State secret police arrested Godwin Emefiele over the weekend after Nigeria’s president suspended him.
Nigeria’s sovereign dollar-denominated bonds climbed dramatically as global investors cheered the suspension late last week of Central Bank governor Godwin Emefiele, who oversaw several exchange rates that failed to keep the naira strong.
According to Reuters, the West African oil producer’s Eurobonds jumped as much as 2.6 cents in the dollar on Monday before moderating, with many issues reaching their best levels since late January.
The 2049 maturity rose 2.353 cents to 80.231 at 07:46 GMT, according to Tradeweb data.
Due to chronic dollar shortages in Nigeria, many people buy foreign currency on the black market, where the naira trades substantially cheaper than its official exchange rate.

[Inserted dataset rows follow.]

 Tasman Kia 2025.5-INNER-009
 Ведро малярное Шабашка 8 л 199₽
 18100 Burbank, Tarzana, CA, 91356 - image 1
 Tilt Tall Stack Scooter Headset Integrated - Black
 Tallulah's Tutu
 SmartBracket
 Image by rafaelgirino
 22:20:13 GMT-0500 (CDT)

In a Monday note to clients, Barclays economist Michael Kafe said, “We believe the changes signal a new era of focused, predictable monetary policy and a shift towards non-interventionism in the foreign-exchange regime.”
Two weeks ago, President Bola Tinubu criticized Emefiele’s handling of the naira and monetary policy.

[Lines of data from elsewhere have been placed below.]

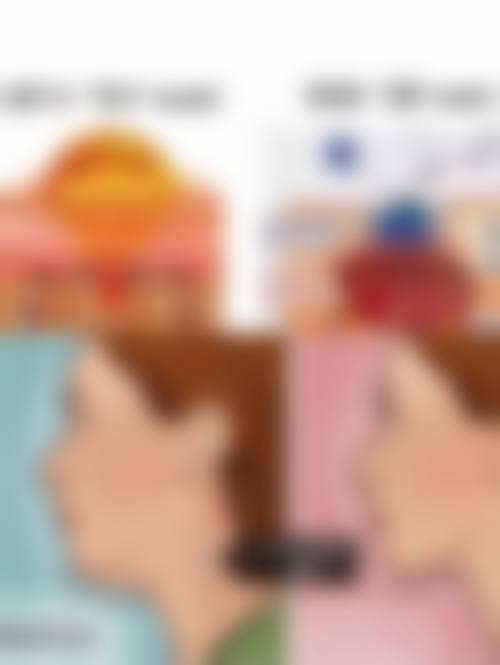 七、李正根医生就诊流程与注意事项(术前术后)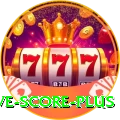 bbl live score Super 2024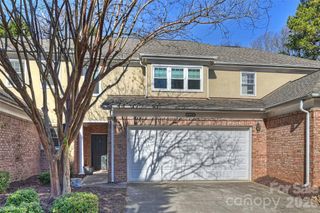 11134 Villa Trace Place, Charlotte, NC 28277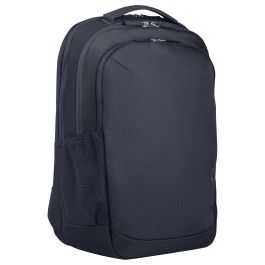 HP Mochila EVERYDAY ODYSSEY para portatil de 16"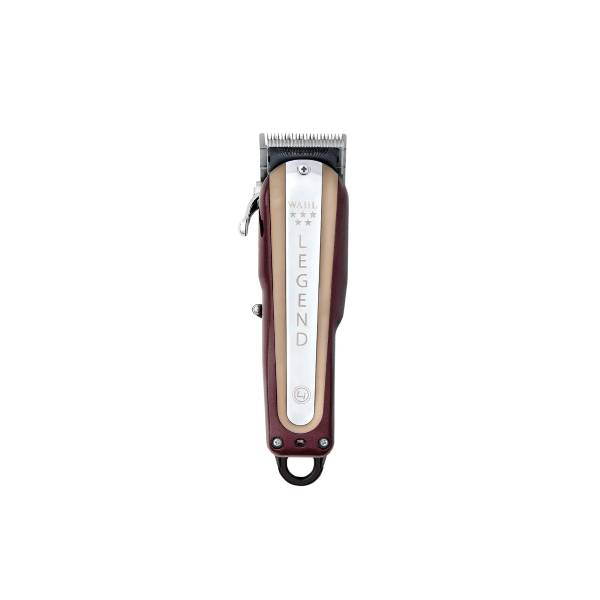 Tondeuse sans-fil Legend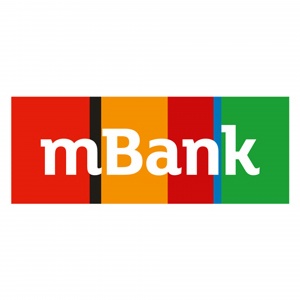 mBank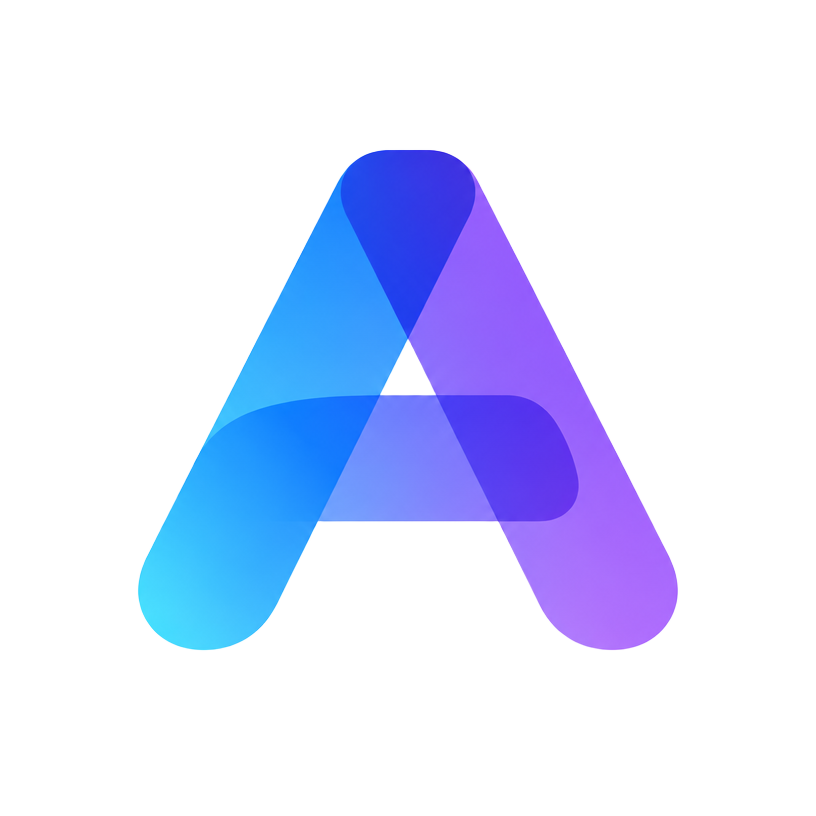 Aelith Studio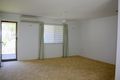 Property photo of 11 Bunker Avenue Nanango QLD 4615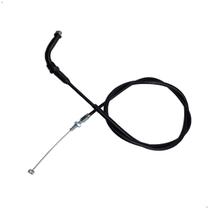 Cabo Acelerador B CG Fan 125i Ano 2016 Em Diante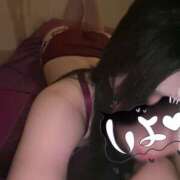 ヒメ日記 2025/07/24 12:42 投稿 ほなみ ケープエンジェル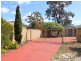 5 Miamba Court, Karawara WA 6152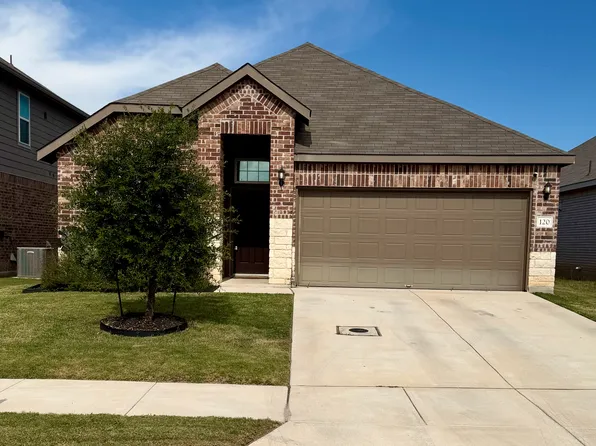 120 Inverness, Boerne, TX 78015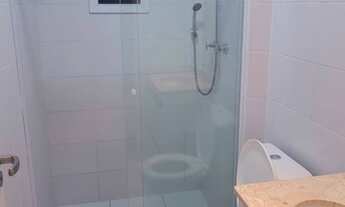 Imagem 7: Excelente Apartamento 67m no Reserva Giardino - Jd América - Zona Sul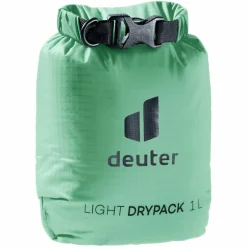 Online LIGHT DRYPACK 1 Unisex - Packbeutel Sack Und Pack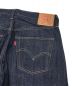 中古・古着 LEVI'S VINTAGE CLOTHING (リーバイス ビンテージ クロージング) デニムパンツ インディゴ サイズ:W36×L34：18000円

Tinubu has abolished a gasoline subsidy and promised to stabilize currency rates to revive Nigeria’s economy.
Kafe noted, “The haste with which the newly appointed president has begun to tackle the country’s economic challenges (e.g. the immediate removal of the fuel subsidy…) suggests that he is keen to pursue all the difficult reforms at the early stages of his term.”
The Central Bank’s acting governor is deputy governor Folashodun Shonubi.
Police stated Saturday that the suspended governor is in custody and under investigation.]
A December court judgment prevented Emefiele’s arrest for “terrorism financing” due to a lack of proof. The weekend arrest may be for the same offense.